# DATA SHOWN
Start of Block

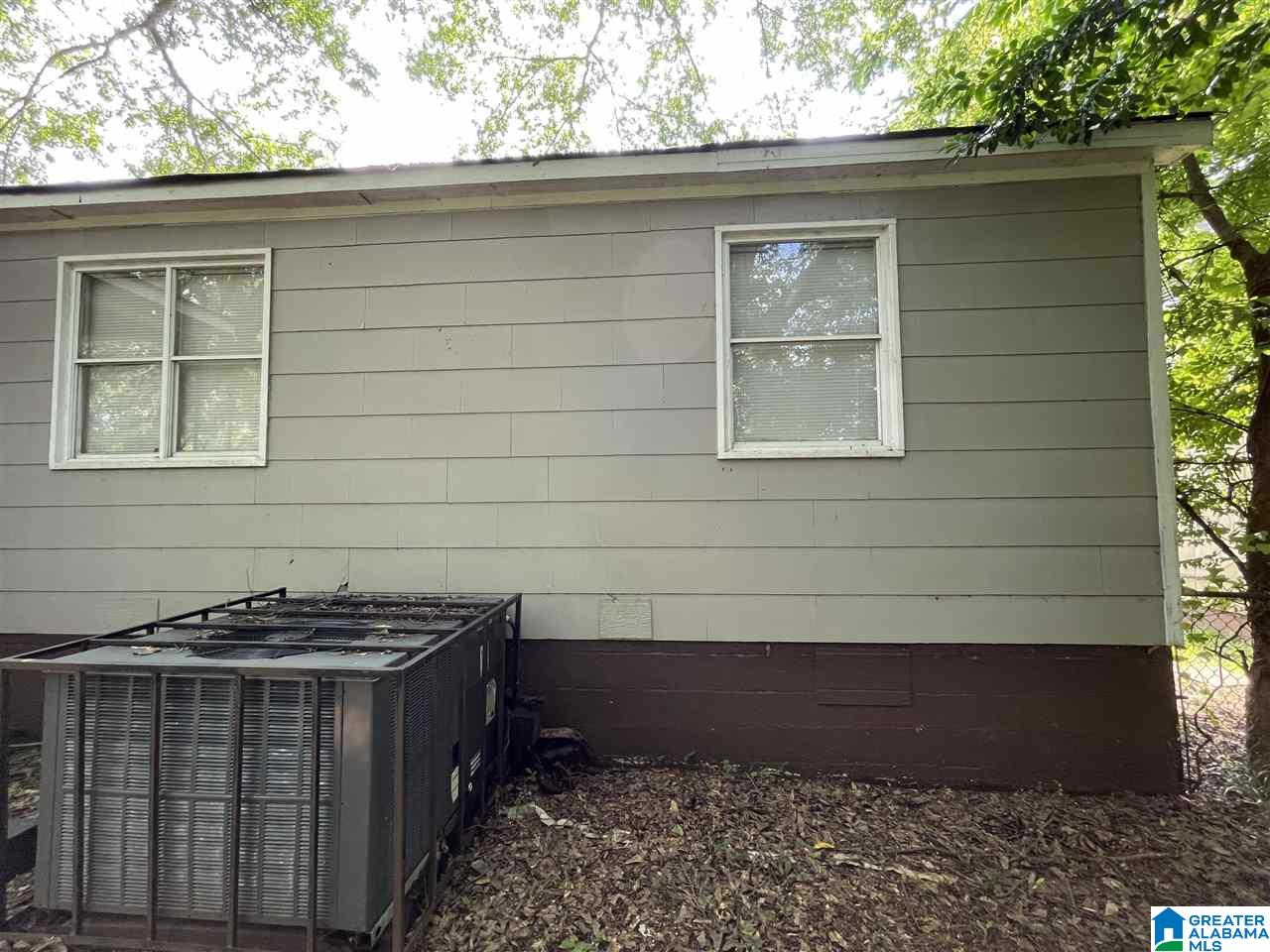 1252 18th Place Southwest Birmingham, AL 35211 - Photo 8 of 31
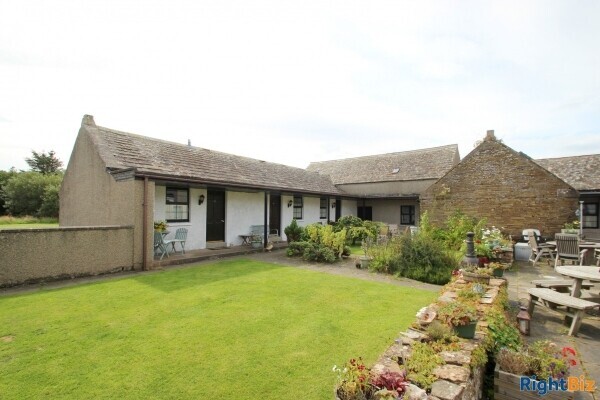 9 Bedroom Hotel Situated on Highland Coastal Route Photo 7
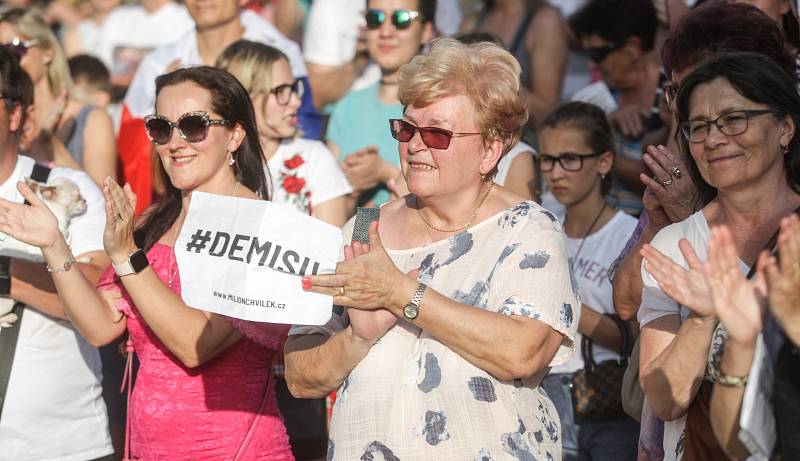 Zhruba šest set lidí se v úterý sešlo u sochy Jana Kašpara v Pardubicích. Opět protestovali proti premiérovi Andreji Babišovi a ministryni spravedlnosti Marii Benešové.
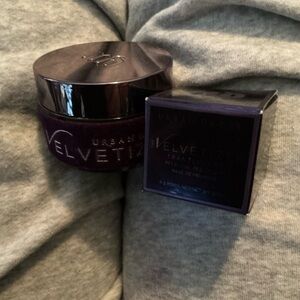 Urban Decay Velvetizer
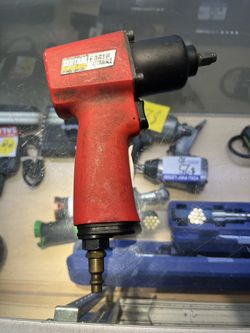 Central Pneumatic Earthquake 1/2 in. Air Impact Wrench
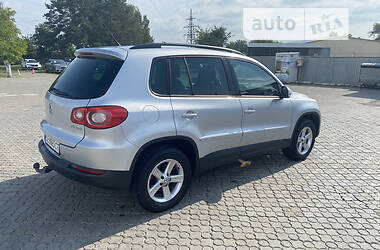 Внедорожник / Кроссовер Volkswagen Tiguan 2009 в Черновцах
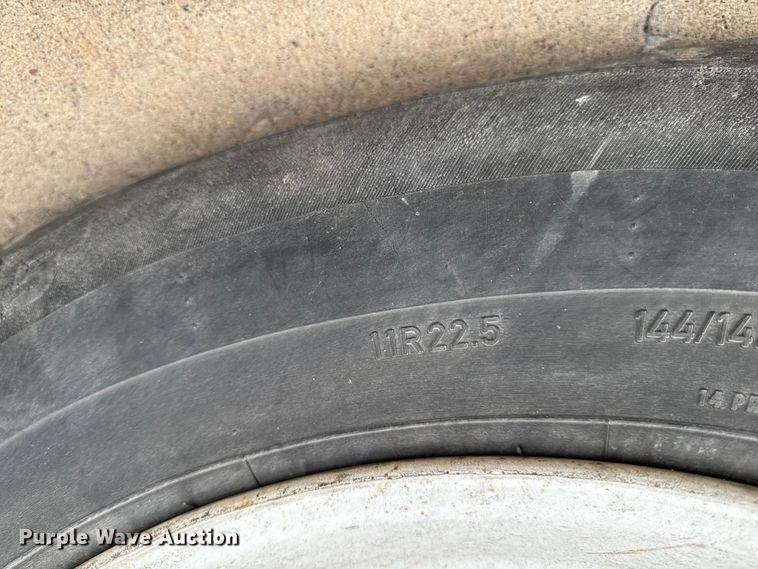 image for item EA1970 2004 International MA035 refuse truck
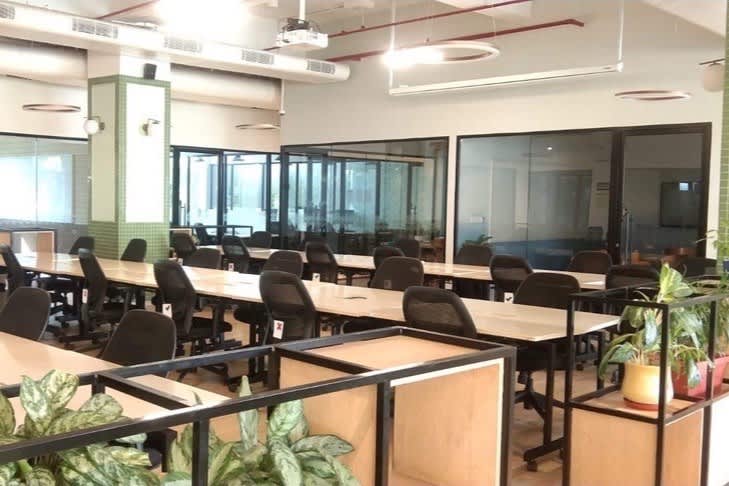 COWRKS - flexi-desk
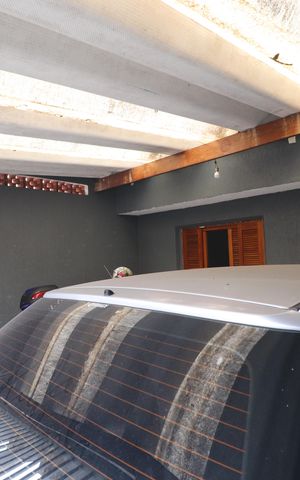 Casa à venda com 185m², 2 quartos e 2 vagasGaragem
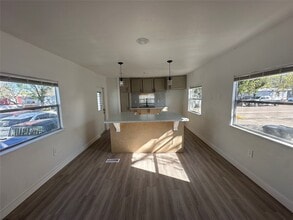 510 N Shirley St in Alvin, TX - Building Photo - Building Photo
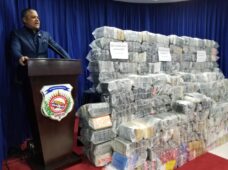 DNCD OCUPA 978 PAQUETES DE COCAINA EN PUERTO DE HAINA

End of Block

# EXERCISE BRIEF
Your reply should consist only of the lines running from the line with "510 N Shirley" to the end of the entries, both included, copied exactly and without any pictures.

# EXERCISE OUTPUT
 510 N Shirley St in Alvin, TX - Building Photo - Building Photo
 DNCD OCUPA 978 PAQUETES DE COCAINA EN PUERTO DE HAINA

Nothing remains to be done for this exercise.